The minute war was declared, he assumed his bulldog psyche and searched for ways he and Interior could contribute to winning the conflict. Most of us believed he was still feeling the effects of his pummeling by conservation groups and the western press over his championing of Hetch Hetchy and wanted to show he was a patriotic American. His first act was to have a complete survey made of his department to ascertain how and where each division could fit into the war plans. Acker and I immediately insisted that, under the law, the resources of the national parks could not be utilized.

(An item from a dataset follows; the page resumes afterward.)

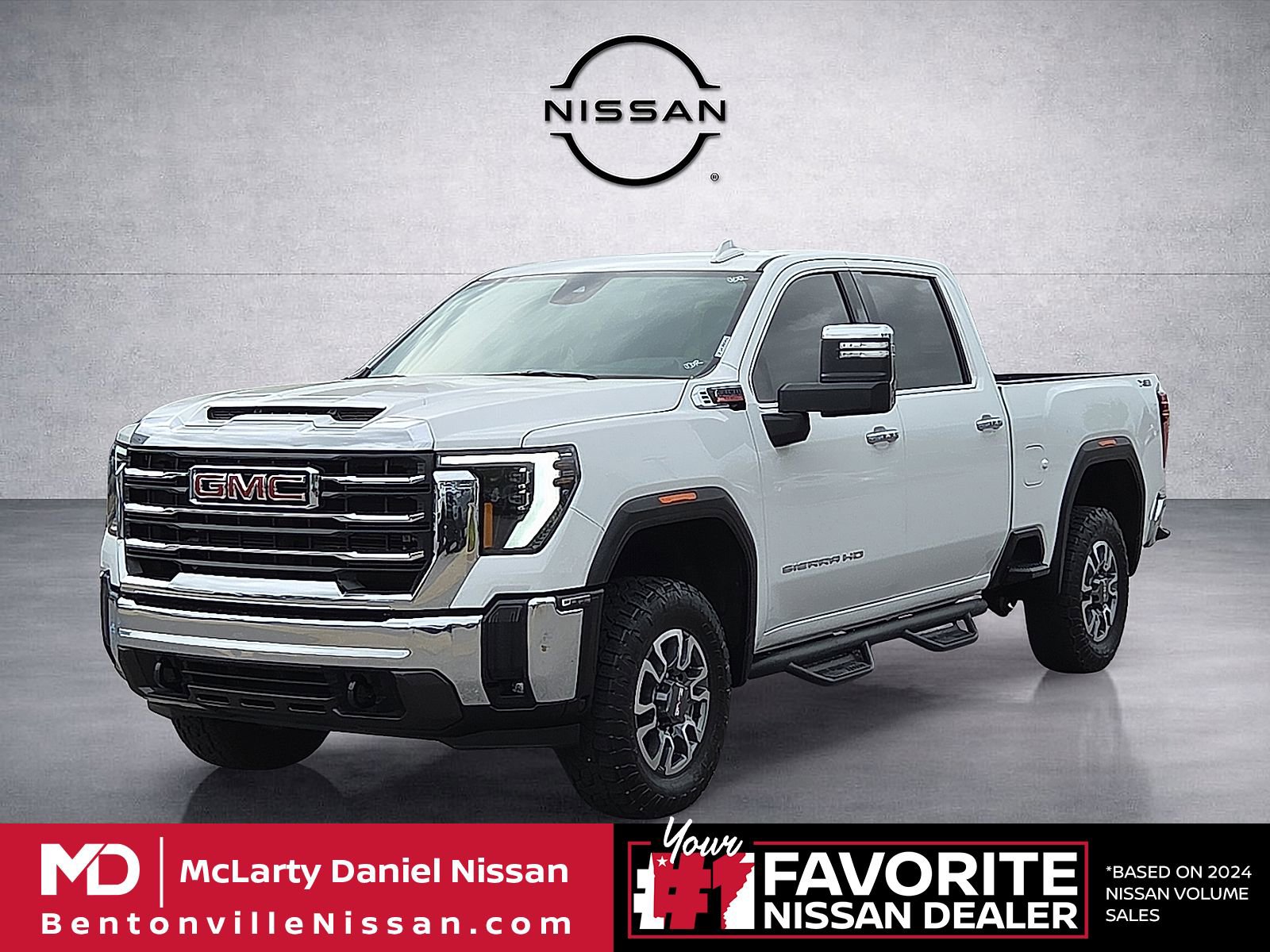 Used 2025 GMC Sierra 2500 SLT AWD/4WD image 2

The western cattlemen and sheepmen thought otherwise. They found the declaration of war a perfect opportunity to break into the national parks. Lane's inclination was to agree. But there was such an immediate outcry from conservation groups, interested congressmen, and powerful representatives of the press that he hesitated, then began to backtrack, and finally indicated that he would wait a bit and see how things went.

Then the newly appointed chairman of the National Defense Committee of California took a strong hand in the situation. He was none other than Dr. Benjamin Ide Wheeler, president of the University of California, an extremely vigorous and strong-willed man. Prior to our entry into the war, due to an old friendship with Kaiser Wilhelm, Wheeler had spoken favorably of the German cause. Now he felt he had to prove he was loo-percent American. As Lane, Mather, and I were all University of California men, it was an awkward situation.

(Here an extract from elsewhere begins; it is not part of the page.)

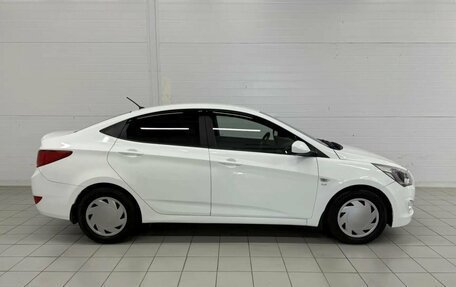 Hyundai Solaris II рестайлинг, 2015 год, 985 000 рублей, 4 фотография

At heart, Lane never was much of a conservationist or preservationist. Mather and I had gotten so much done not because of any strong convictions Lane held but because he had just left us alone to do as we wished.

Another sore point was that Wheeler's prime advisor was Court Dubois of the U.S. Forest Service. "Use" was the core of his bureau's tenets. For example, he happily offered statistics indicating that the carrying capacity of the Yosemite was ample for extensive grazing.

The upshot was that Lane drew up an order stating that sheep and cattle could be pastured in Yosemite and Sequoia. I was aghast and immediately sought an answer from the secretary as to his precipitous action without even consulting me. He hemmed and hawed and finally admitted it was a combination of Wheeler and Court Dubois. Why on earth was Interior paying any attention to the Forest Service, practically an enemy? Well, it seemed the Forest Service policies were far more patriotic than ours by allowing pasturing and other noble deeds in their forests. We had to prove ourselves too.

Lane casually added that Wheeler wanted fifty thousand sheep pastured on the floor of Yosemite valley and elsewhere in the park. That did it. For the first time I exploded. "Mr. Secretary, how could you possibly allow fifty thousand 'hoofed locusts' [a John Muir expression] in that beautiful park? It wouldn't recover from an onslaught like that until the next century."

He leaped from his chair, leaned across the desk, and bellowed right back at me: "Albright, you do as you are ordered. Wire Lewis and tell him to open the park to the sheep." I rarely lost my temper, but when I did, I knew how to rein it in. I did so now and reverted to being a lawyer trained to argue and persuade. No use. After a futile half-hour of presenting my case, Lane wouldn't budge.

I took a deep breath and said: "Then, Mr. Secretary, with deep regret, I tender my resignation. I simply couldn't oversee the ruination of park lands that belong to all the American people just for the simple greed of a few."

A dead silence reigned as Lane stared at me. I guess he was trying to decide whether I meant what I said. He apparently came to the conclusion that I wasn't bluffing, for he spoke in a very soft but deadly serious voice: "You are not to resign, but something must be done along this line. You send a telegram to Lewis to say that pasturing will be allowed in Yosemite. But you may work out a compromise for me. In the meantime, you are ordered not to discuss this matter with anyone. And I mean anyone."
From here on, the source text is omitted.